Exactly the lines below, starting with the one containing "Detail of light" and going on through the one containing "People walk on", must be reproduced, both ends included, and no pictures with them.

• [Data for the task]
▽
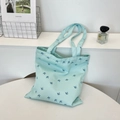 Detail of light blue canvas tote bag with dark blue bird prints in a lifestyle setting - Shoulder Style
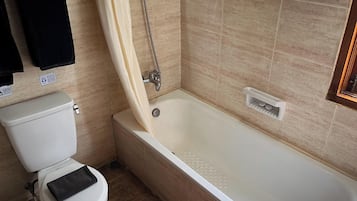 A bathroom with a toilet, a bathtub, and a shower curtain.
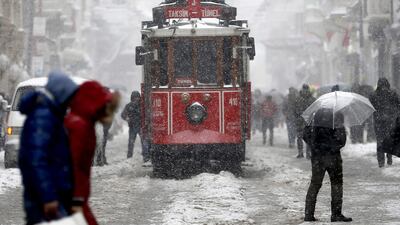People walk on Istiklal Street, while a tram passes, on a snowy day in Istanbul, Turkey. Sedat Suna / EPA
△
▽
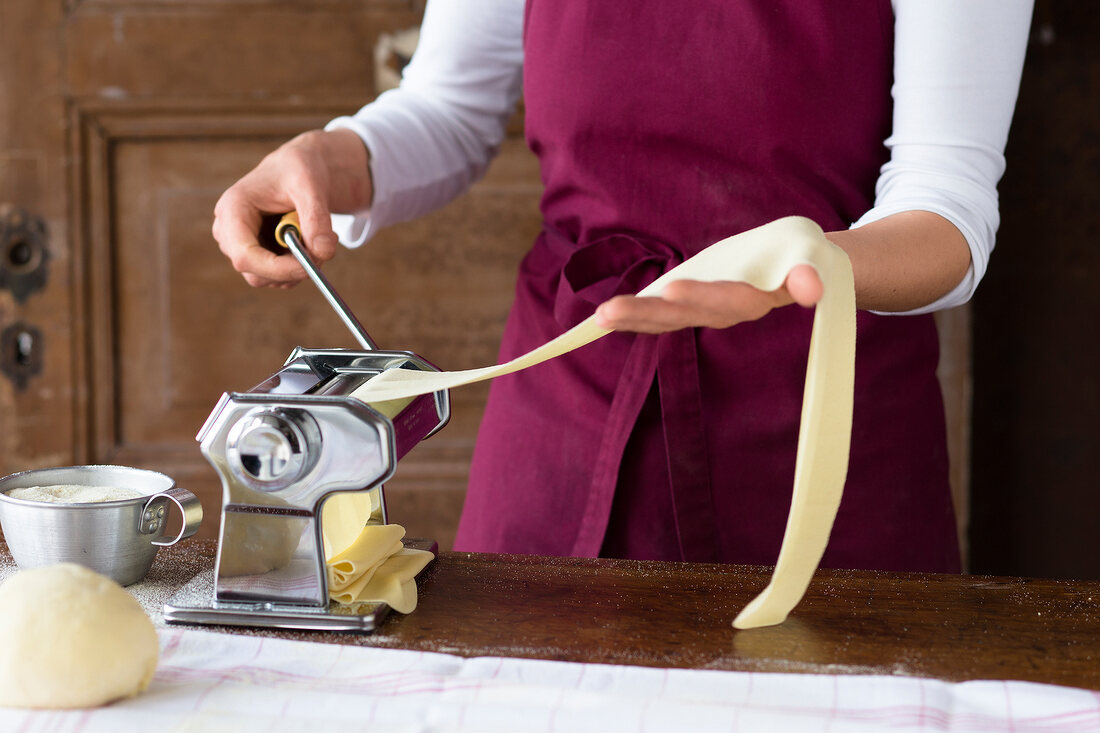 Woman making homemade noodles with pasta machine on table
△
• [Response for this exercise]
 Detail of light blue canvas tote bag with dark blue bird prints in a lifestyle setting - Shoulder Style
 A bathroom with a toilet, a bathtub, and a shower curtain.
People walk on Istiklal Street, while a tram passes, on a snowy day in Istanbul, Turkey. Sedat Suna / EPA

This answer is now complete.